Why does rock concert sound suck?


I have been to two rock concert in the past year : Brit Floyd in Bridgeport CT and Eric Clapton at Madison Square Garden, NYC (last Monday)

For Brit Floyd I was about 40 feet form the stage and treble end was an ear-splitting distorted sound - the soprano solo on Dark Side of the Moon sounded like a chain saw running at 5x speed.

For Eric Clapton I was sitting at floor level about 20 rows behind the mixing desk - i.e., the opposite end from the stage. In this case the high top end was not so distorted, but the voices were still very harsh - seemingly a massive response peak at ~1500hz. Imagine AM radio with the treble turned up 20db.

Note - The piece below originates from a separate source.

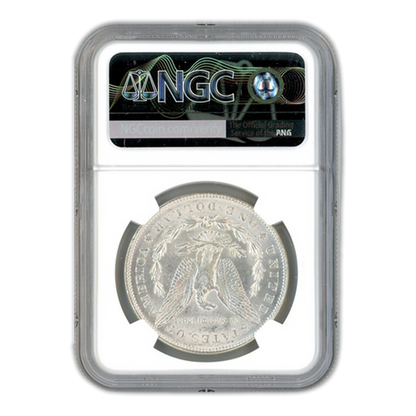 1878 Morgan Silver Dollar 7/8 Tailfeathers - Strong - NGC MS62 Sight White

I knew a lot of the words form the songs ahead of time of course, and just about recognized them, but otherwise the lyrics were unintelligible. The only exceptions were when he sang a quieter song - e.g., “Tears in Heaven” . Clapton moved back from the mic rather than place his mouth right next to it. Then the sound was quite listenable .

Of course managing the acoustics in such a big venue is no doubt a challenge — but does it have to be this bad?

oliver_reid

Showing 1 response by jonwatches1

Big concert venues are fundamentally lousy for most contemporary music - the echos and delay just smear all the sound. Perhaps the excess volume is to try and drown out that problem?  

Small clubs much easier because the audience itself deadens the room & makes sound much clearer - but volume remains a choice & sometimes bands & mixers make bad choices even in venues suited for the music 

Before amplification, music was composed in harmony with its venue (think chamber music vs. organ, or choral)…it seems hard to overcome those fundamentals - so, see the music one loves and try not to worry too much about the inevitable issues (earplugs really help at rock concerts, btw - brings down the volume & makes music much clearer)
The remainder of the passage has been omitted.